2x Faster, 70% Less VRAM

Train 7B models on RTX 3090 (24GB). 500K context support. Free Colab notebooks included.

Why Unsloth?

2x

Faster Training

70%

Less VRAM

500K

Context Length

What Makes It Fast?

  • Optimized Triton kernels - Custom CUDA kernels for faster computation
  • Manual autograd engine - Reduced gradient computation overhead
  • Intelligent caching - Minimizes data movement between CPU/GPU
  • Optimized data loading - Reduced memory fragmentation

📋 Prerequisites

🎮

GPU Requirements

NVIDIA GPU with CUDA support.
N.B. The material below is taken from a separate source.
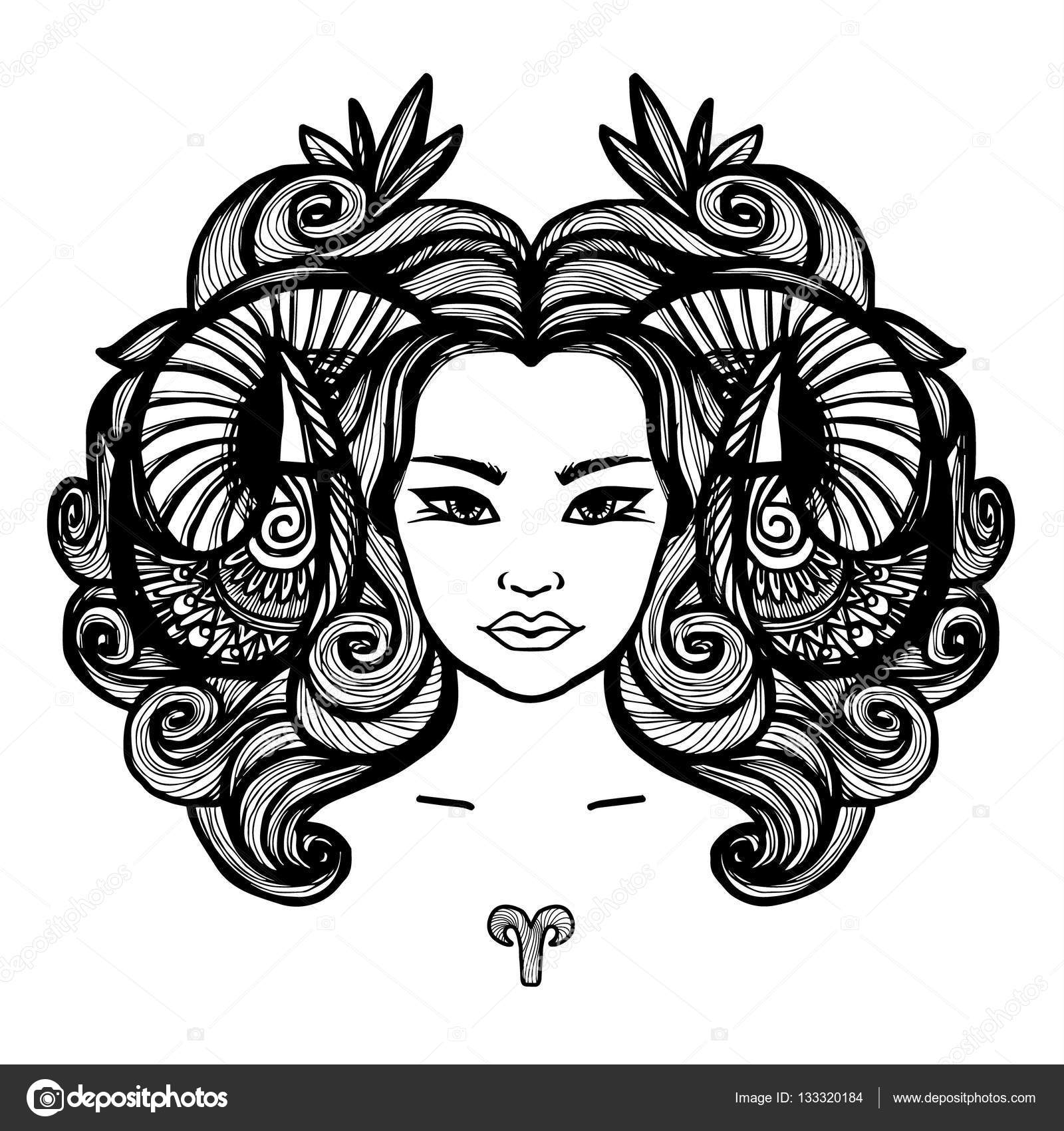 Aries sign with portrait of a woman Stock Vector by ©VectorStory 133320184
Works on consumer GPUs!

Minimum: 8GB VRAM (RTX 3070, RTX 4060)

Recommended: 16GB+ VRAM (RTX 3090, RTX 4090)

Excellent: 24GB+ VRAM (A6000, A100)

📦

Dataset Ready

Export your dataset in the format Unsloth expects.
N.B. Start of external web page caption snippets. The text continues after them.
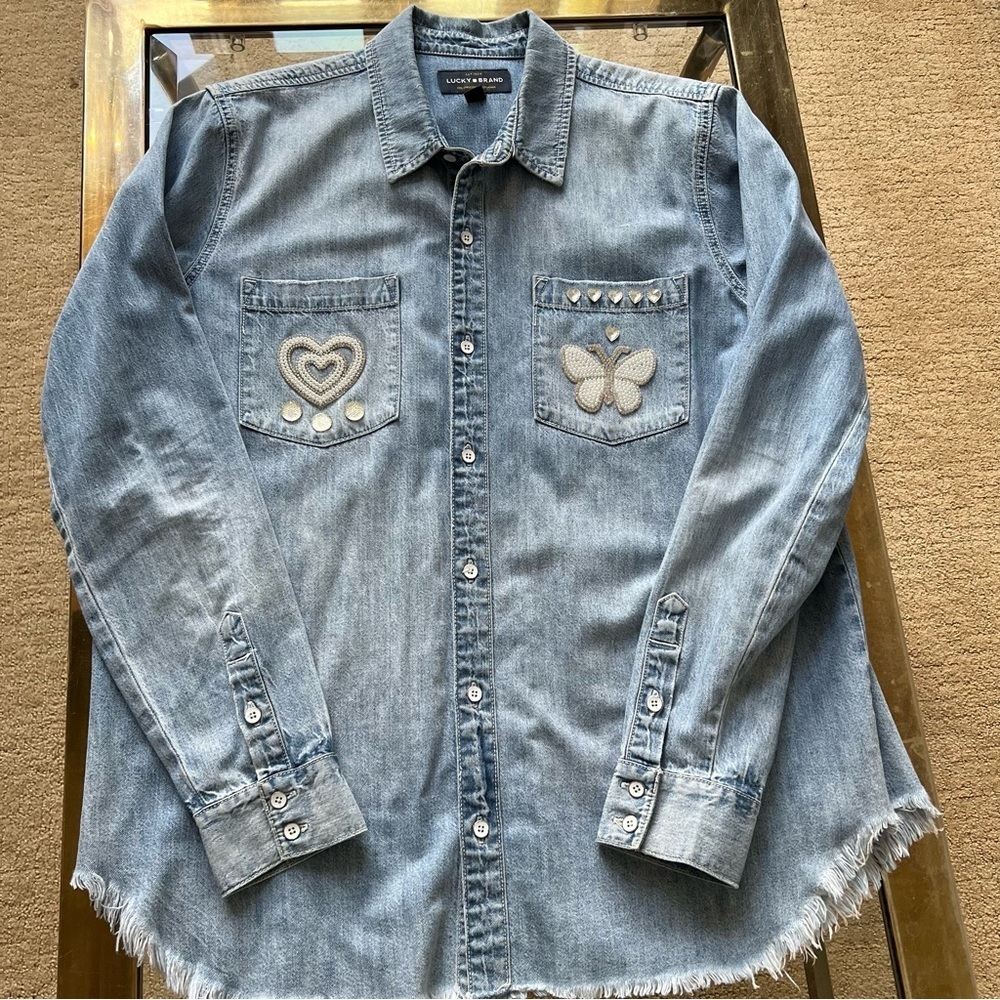 Lucky Brand Blue Denim Shirt - Picture 14 of 16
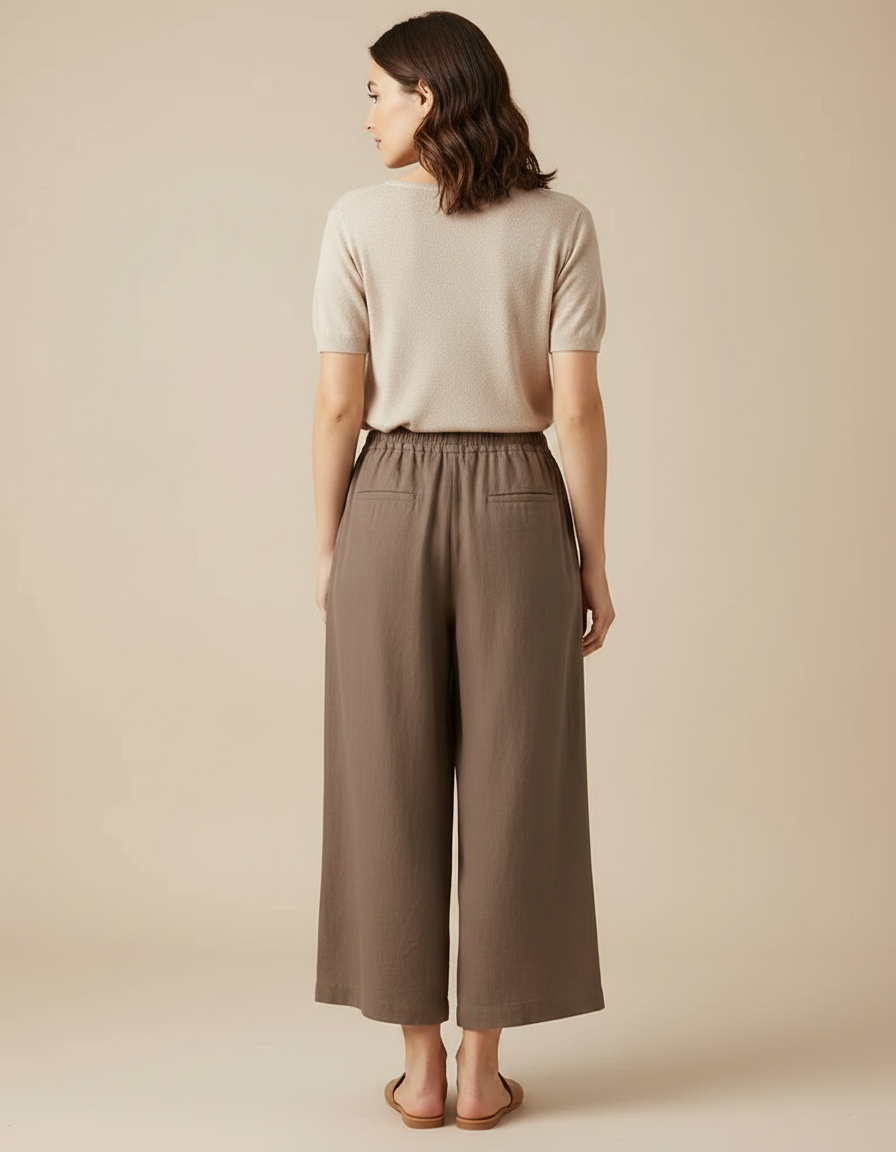 Pantalon Marron Clair Femme - Kaki Lin - vue 2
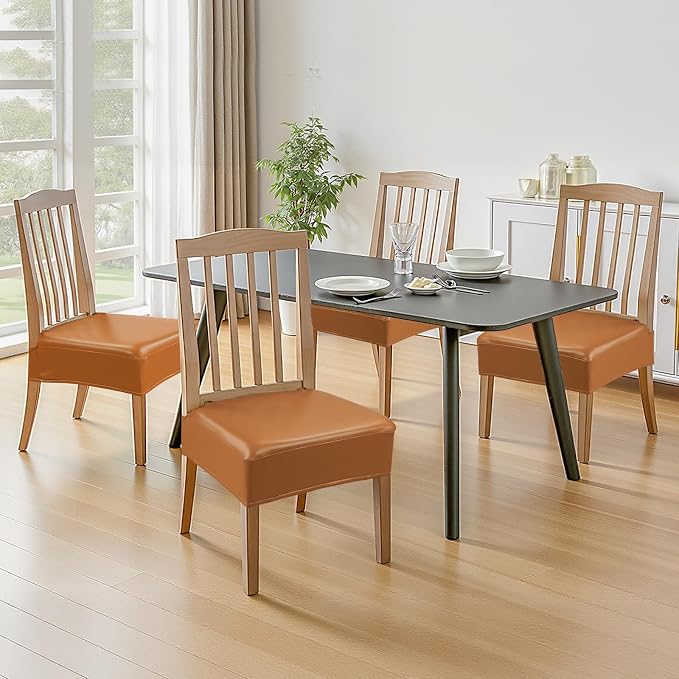 Leather Seat Covers for Dining Room Chairs Set of 6, Waterproof Kitchen Chair Seat Protector Slipcovers Made of 4-Way High Stretch PU Leather and Rear Covers Design (Orange 6 Pcs)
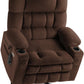 **Dual Motor Power Lift Chair Recliner T6015 - Plush Fabric, Dark Brown, Oversized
Open the EdukaAI app, go to Export, and select "Unsloth" format.

💻

Python Environment

Python 3.8+ with pip. Virtual environment recommended.

1 Install Unsloth

# Create virtual environment

python -m venv unsloth-env
source unsloth-env/bin/activate  # On Windows: unsloth-env\Scripts\activate

# Install Unsloth (recommended way)

pip install "unsloth[colab-new] @ git+https://github.com/unslothai/unsloth.git"
pip install --no-deps trl peft accelerate bitsandbytes

💡 Alternative: Conda

conda create -n unsloth python=3.11
conda activate unsloth
pip install "unsloth[colab-new] @ git+https://github.com/unslothai/unsloth.git"
pip install --no-deps trl peft accelerate bitsandbytes

✅ Verify Installation

python -c "import unsloth; print('Unsloth installed successfully!')"

2 Prepare Your Dataset

Unsloth expects data in the standard HuggingFace datasets format. EdukaAI can export directly to this format.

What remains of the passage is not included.